A veces sucede lo impensable. Un padre se enferma repentinamente y sus hijos adultos presentan una demanda contra el padrastro o la madrastra por asuntos de cuidado o legales. Un futuro plan para la prestación de cuidados puede realmente ayudar con esto. Si te enfermas o te incapacitas, un acuerdo de cuidado preplanificado puede ayudar a prevenir conflictos y malentendidos entre tu familia mixta. No te preocupes por lo que sucederá dentro de 10 o 15 años cuando seas mayor y estés en una etapa diferente de la vida; planea como si necesitaras cuidados mañana.

¿La salud tuya y de tu cónyuge es relativamente buena hoy en día y podrían hacerse cargo si el otro necesitara asistencia con el cuidado? Si tu salud empeorara, ¿quieres envejecer en el hogar o es posible que uno de tus hijos quiera que vivas más cerca de él? Habla con tu cónyuge y tus hijos para que todos entiendan tus deseos.

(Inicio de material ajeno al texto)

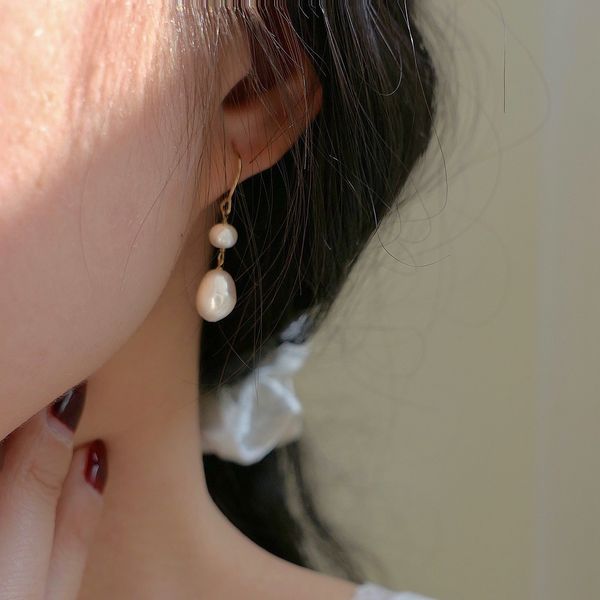 Orecchini Hoop Huggie Girl Perle d'acqua dolce naturali Orecchini pendenti Design con perle irregolari barocche lunghe in oro 14k per donna 230831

He visto situaciones en las que los hijos adultos visitan a sus padres y luego los llevan a casa con ellos, en otro estado, sin la opinión o el consentimiento del cónyuge. O los hijos adultos solicitan ser el tutor de un padre e intentan excluir al cónyuge de cualquier decisión sobre el cuidado médico del esposo o la esposa, o las decisiones sobre sus bienes. Cuando eso sucede, puede ser desgarrador y dividir la familia. Unas cuantas buenas conversaciones, así como un plan de cuidados sólido y por escrito, pueden ayudar a prevenir una dolorosa pelea familiar en el futuro.

Amanda Singleton recibió el premio nacional Caregiving Visionary Award de CareGiving.com y presta servicios a cuidadores durante todas las etapas de la vida por medio de su oficina de abogados. Síguela en Twitter y Facebook (enlaces en inglés).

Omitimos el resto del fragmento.